Adding a specific collection step here feels wrong. Other contexts the mask is added as soon as it's created. Not sure why we have the virtregrewriter adding these now

llvm/lib/Target/AMDGPU/SIPreAllocateWWMRegs.cpp
104 ↗(On Diff #449070)

Don't see why this would skip regmask tests

llvm/lib/Target/Mips/MipsRegisterInfo.cpp
322–323 ↗(On Diff #449070)

This should be a separate mips change

Carrot added inline comments.Aug 1 2022, 1:32 PM
llvm/lib/CodeGen/RegisterCoalescer.cpp
4116 ↗(On Diff #449070)

I agree it's ugly. Do you have any good idea where I can collect the RegMasks?
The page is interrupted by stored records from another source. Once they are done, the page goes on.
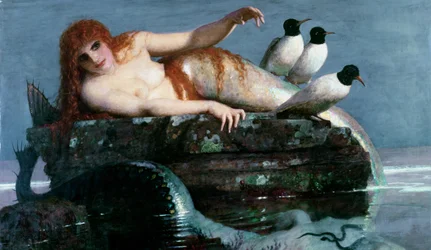 Mer calme, 1886-87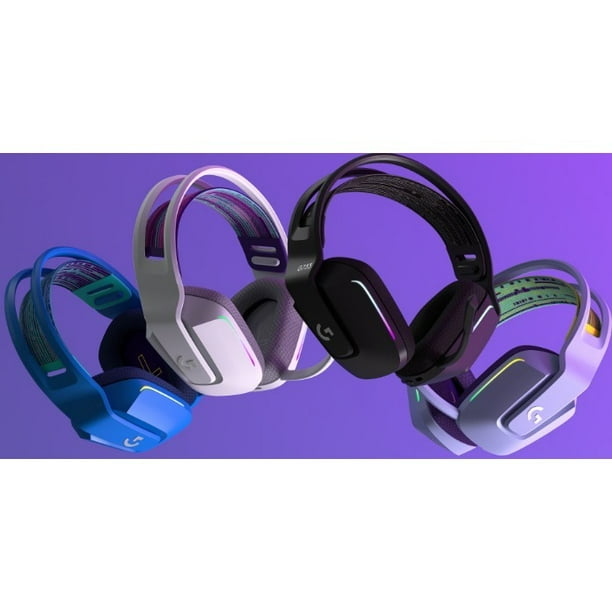 Logitech G733 LIGHTSPEED Wireless Gaming Headset, RGB, Blue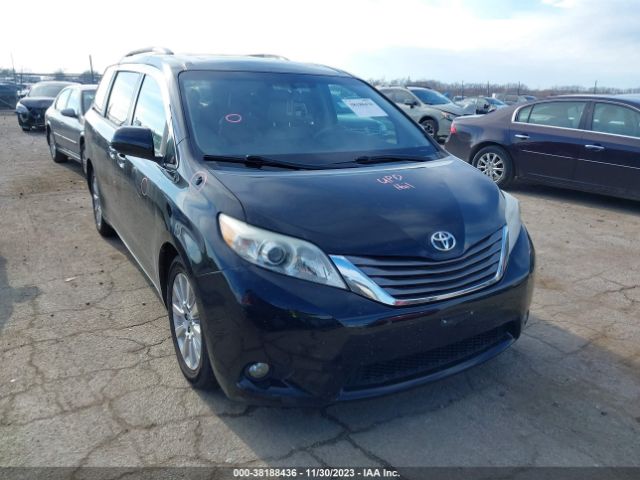 TOYOTA SIENNA 2011 5tddk3dc9bs004596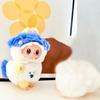 Для 17см куклы Лабубу Одежда Модная одежда Комбинезоны Одежда для кукол Подходящий по цвету Головной убор Аксессуары для кукол Милое украшение Маленькая одежда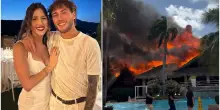 Incendio nel resort, la sorella del calciatore Davide Calabria tra chi ha evacuato gli ospiti: &laquo;Ho visto persone tornare indietro per le valigie&raquo;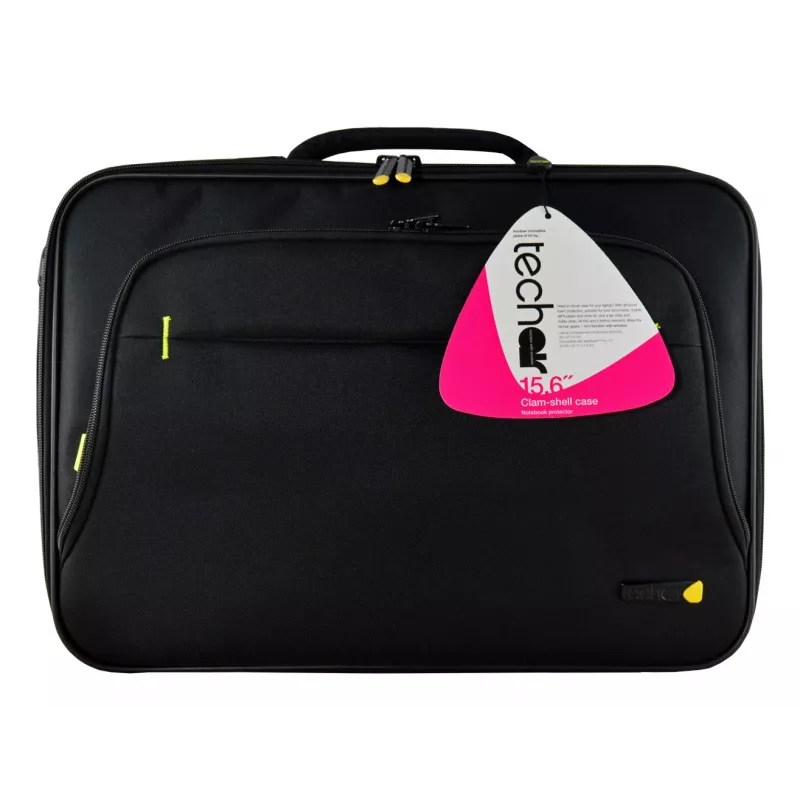 Techair TANZ0108v3 14-15.6 cala Klasyczna torba na laptop, Aktówka, 39,6 cm (15,6 cala), Pasek na ramię, 780 g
llvm/lib/Target/AMDGPU/SIPreAllocateWWMRegs.cpp
104 ↗(On Diff #449070)

To be honest, the MRI change causes two gpu tests failed, because previously there was no RegMask information collected, the checking of RegMask in isPhysRegUsed was actually nop. Now with RegMask collected, isPhysRegUsed behaves differently. I am completely ignorant with AMD GPU, so I just kept its original behavior by skipping regmask test.

Do you think it's better to enable the regmask test and send out the modified tests for review?

llvm/lib/Target/Mips/MipsRegisterInfo.cpp
322–323 ↗(On Diff #449070)

I sent out D130932 for it.

It's been a while since I looked at constant registers but I made a few changes in CHERI LLVM to avoid unnecessary copies. I just had a quick look at some of the commits and https://github.com/CTSRD-CHERI/llvm-project/commit/8588d8b81458ed6d87b674893e7752e6a6915574 looks somewhat related.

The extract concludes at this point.